Climate activists accused FERC of bowing to political pressure, a claim FERC Chairman Richard Glick denied.

“I’m not going to do anything for political purposes,” he told reporters, adding that he and other commissioners have had discussions with numerous pipeline and natural gas companies since the panel approved the climate policy last month. Industry leaders told them the policy changes “raise additional questions that could benefit from further clarification,” Glick said.

At a Feb. 17 meeting, the energy commission approved policy statements directing officials to consider how pipelines and other natural gas projects affect climate change and environmental justice. The statements were approved on a 3-to-2 vote along party lines, with Glick and two other Democratic commissioners supporting the policy changes and two Republicans opposed.
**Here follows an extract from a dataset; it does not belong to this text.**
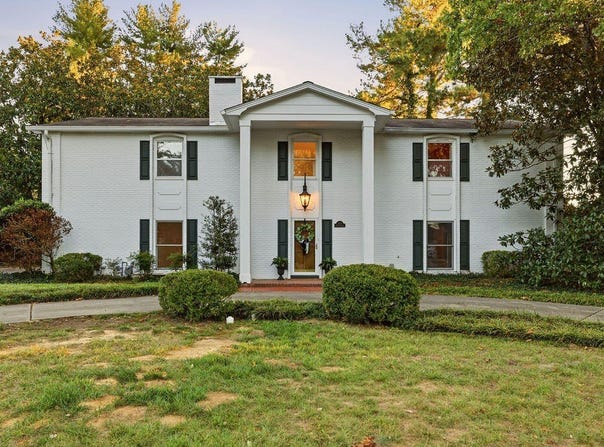 1511 Chaucer Drive, Murray, KY 42071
The panel said at the time that the new guidance would take effect immediately and apply to pending and future gas projects. The panel voted unanimously Thursday to step back from that commitment, which is now labeled as a draft and would apply only to projects filed after FERC finalizes the policy statements. The commission said it will seek further public comment before making a final decision.

In a related development, FERC approved three natural gas projects that have been pending before the panel for months. Two of the projects will expand gas production in the U.S. Gulf Coast, while the third is located in New York State. One of the projects will connect with an export terminal in Louisiana for liquefied natural gas, or LNG.
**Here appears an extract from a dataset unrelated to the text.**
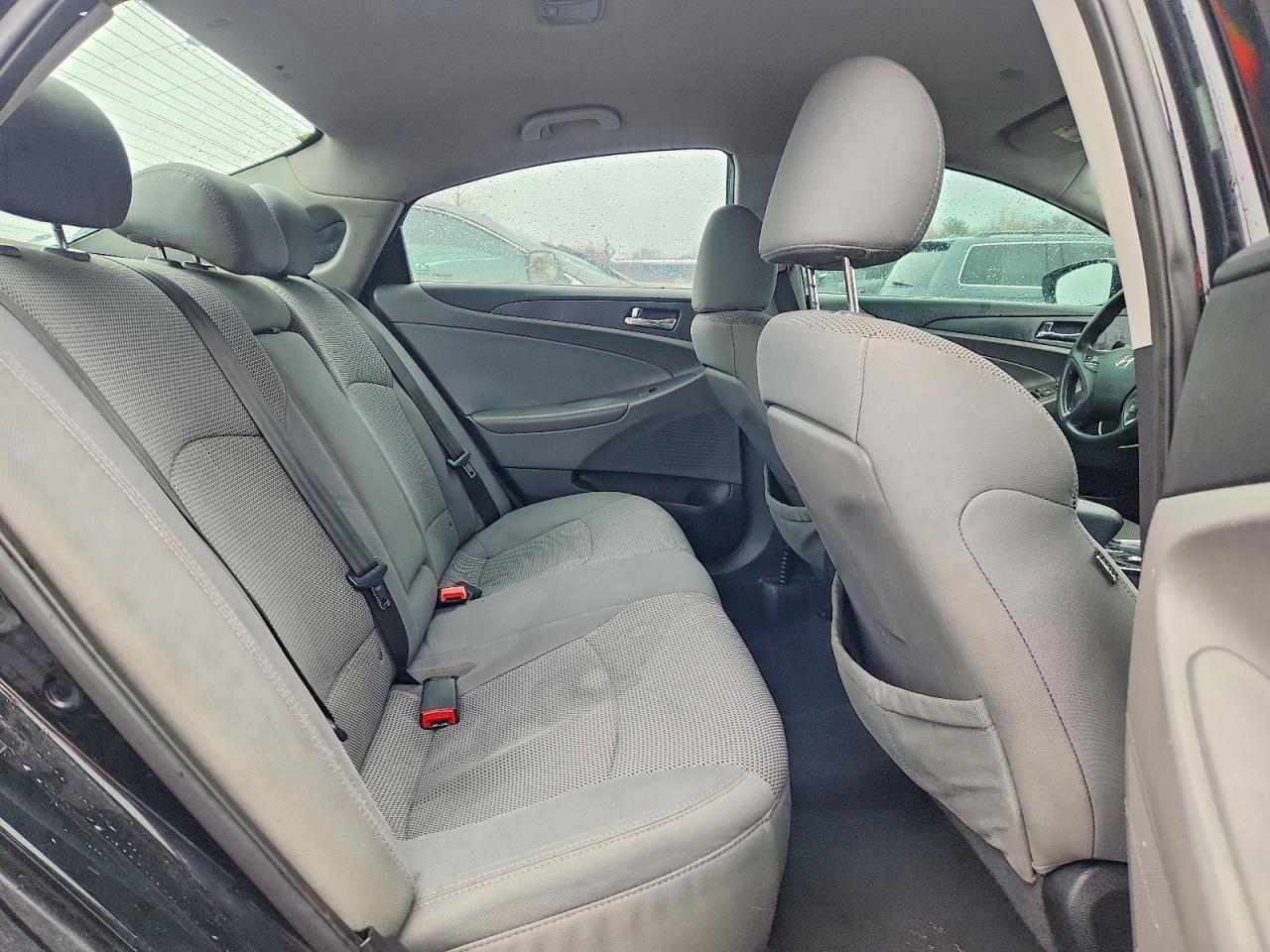 2014 HYUNDAI SONATA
President Joe Biden has pledged to cut in half planet-warming emissions from fossil fuels such as oil and gas by 2030, but the Ukraine war has upended that focus as the administration takes steps to rein in rising energy costs and promote natural gas exports to Europe.

The U.S. sharply increased gas exports in the runup to the war and is looking for ways to “surge” LNG supplies to the European Union to help reduce its dependence on Russian gas, said Jake Sullivan, Biden’s national security adviser.
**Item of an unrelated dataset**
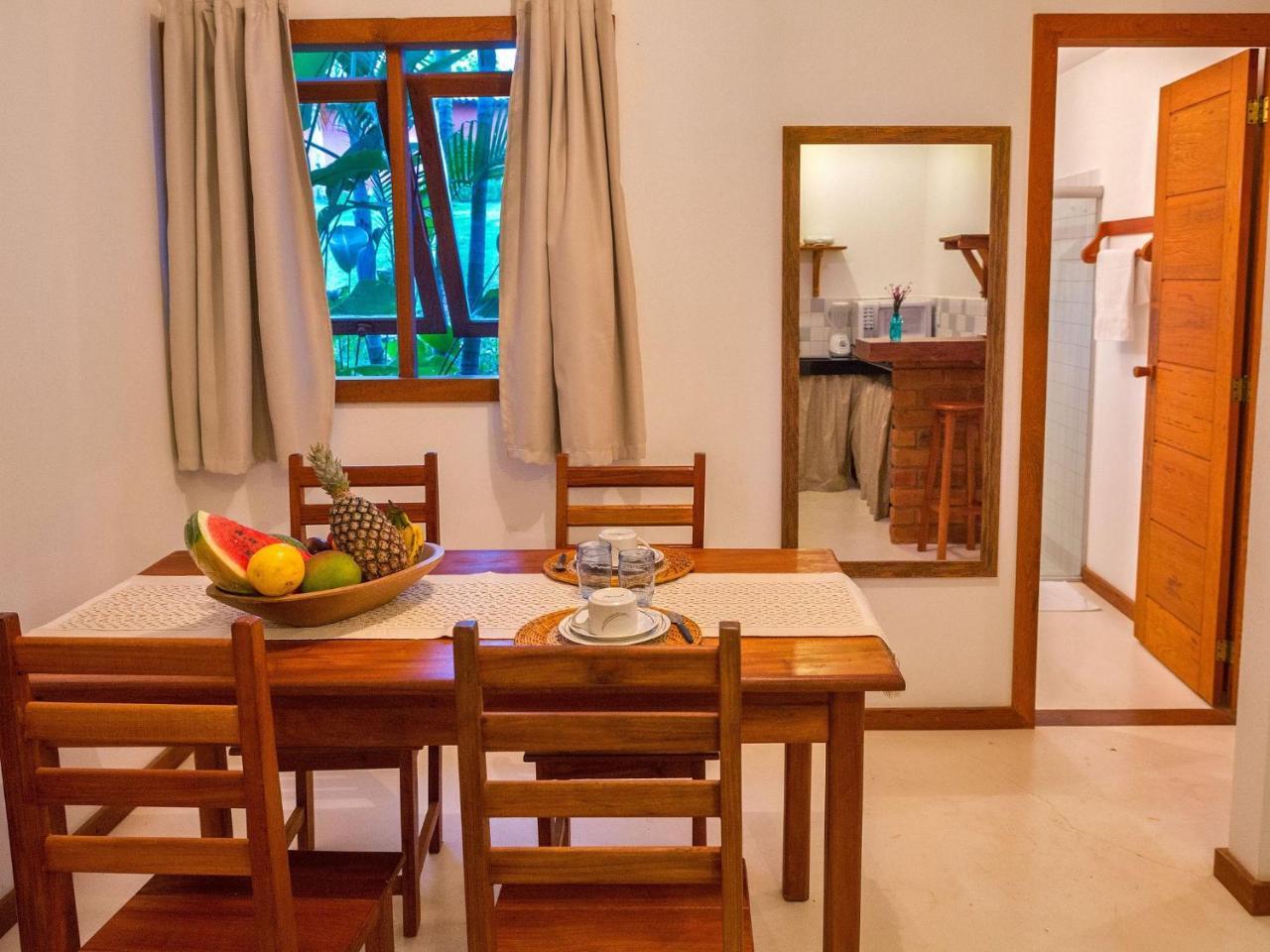 Charm Bahia Residencias Porto Seguro Exterior foto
The EU imports 90% of the natural gas used to generate electricity, heat homes and supply industry, with Russia supplying almost 40% of EU gas and a quarter of its oil.

The American Gas Association said FERC’s action to delay the climate policy was “encouraging,” adding that without changes, the plan would “actively discourage the development of pipeline infrastructure, reduce reliability and raise consumer costs.” The industry group filed a legal challenge to the climate plan last week.

Wyoming Sen. John Barrasso, the top Republican on the Senate energy panel, said FERC “must go back to the drawing board and start over on these harmful proposals.″

But Kelly Sheehan, senior director of the Sierra Club’s energy campaigns, said the draft policy was a small step toward meeting the commission’s legal requirements to protect the environment and guard against climate change.

“The fossil fuel industry and the politicians they finance are pitching a fit because they’re worried FERC’s modest proposed policy changes might mean they no longer have free rein to build as many polluting pipelines as they want, with no regard for the impacts on communities or the climate,″ Sheehan said.

The commission’s approval of three fracked-gas pipelines Thursday “makes it painfully clear that FERC has not changed course,″ Sheehan added.

Former FERC Chairman Neil Chatterjee, a Republican who supported a compromise proposal on climate change last year, decried the panel’s actions.

“Today’s result exposes that ferc is now a political body more than a quasi-judicial one,” he wrote Thursday on Twitter. “Should more emphasis be placed on ‘lobbying’ commissioners than focusing on arguments in (court) pleadings?”

Chatterjee, a former McConnell aide who was elevated to chairman by former President Donald Trump and later demoted by Trump, called the panel’s decision to delay the climate rule “a big-time win” for pipeline companies. Any company considering a natural gas project “should expedite and move forward ASAP before the commission finalizes the statements,” he wrote.